JPMorgan Chase said it has raised its minimum salary for its American employees to $10.15 an hour, plus “meaningful benefits,” and over the next three years will raise the minimum pay for 18,000 employees to between $12 and $16.50 an hour for full-time, part-time and new employees, depending on geographic and market factors.
“A pay increase is the right thing to do,” Dimon wrote in The New York Times op-ed. “Wages for many Americans have gone nowhere for too long. Many employees who will receive this increase work as bank tellers and customer service representatives. Above all, it enables more people to begin to share in the rewards of economic growth.

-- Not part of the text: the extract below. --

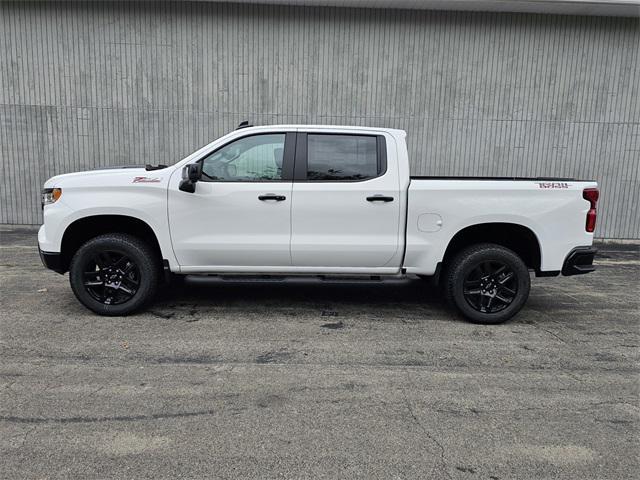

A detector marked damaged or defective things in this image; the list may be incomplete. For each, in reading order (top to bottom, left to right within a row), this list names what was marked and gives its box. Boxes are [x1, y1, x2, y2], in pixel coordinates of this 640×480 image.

cracked asphalt [0, 227, 636, 478]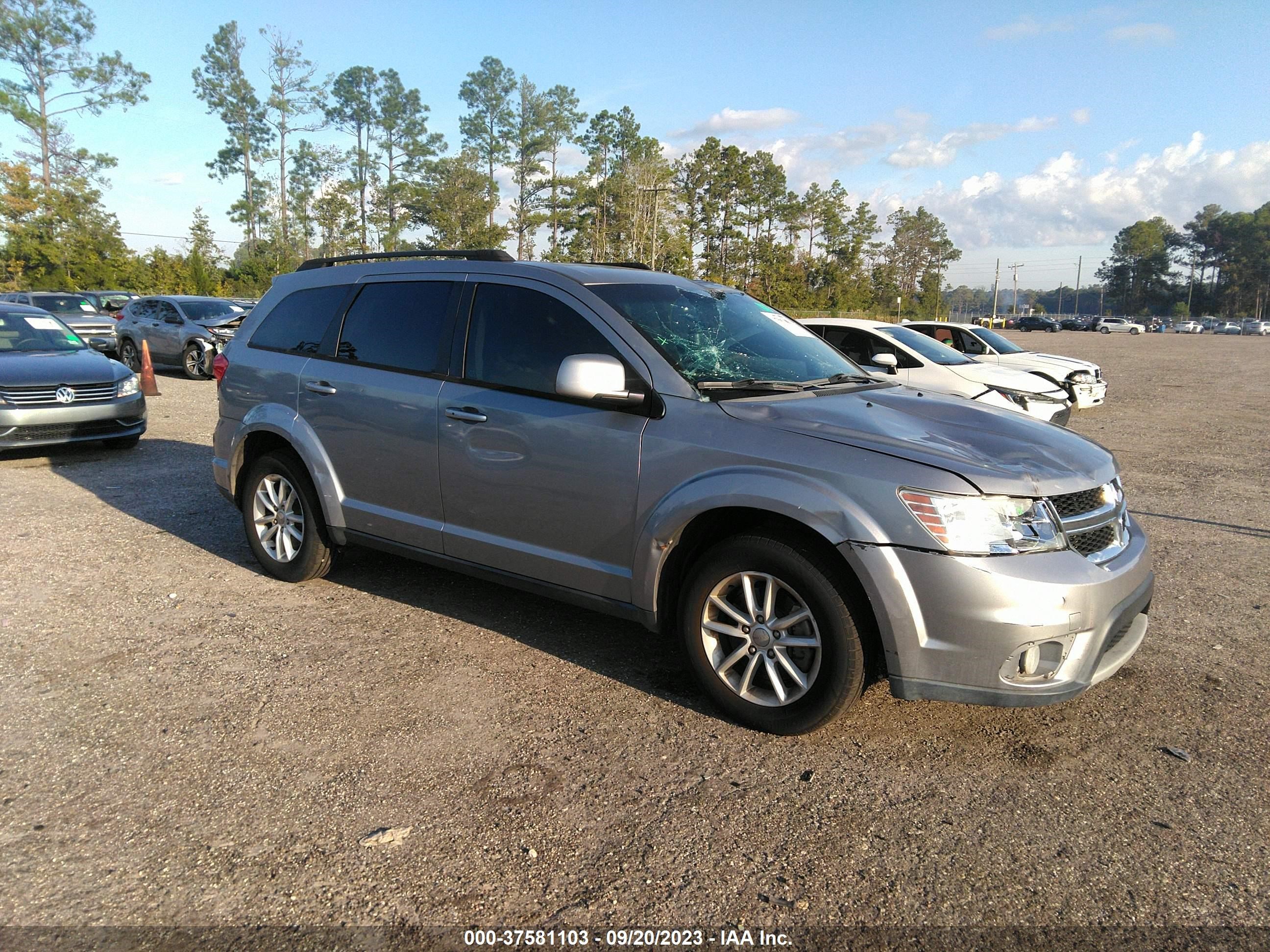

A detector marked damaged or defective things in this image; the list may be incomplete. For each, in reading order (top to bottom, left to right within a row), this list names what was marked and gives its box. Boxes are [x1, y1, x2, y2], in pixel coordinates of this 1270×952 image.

And it’s good for our company, helping us attract and retain talented people in a competitive environment. While businesses, including ours, are understandably cautious when it comes to expenses, there are good expenses (investments that will pay off in the long-run) and bad expenses (waste and inefficiencies). We have never hesitated to invest aggressively if we thought it would improve our long-term prospects.”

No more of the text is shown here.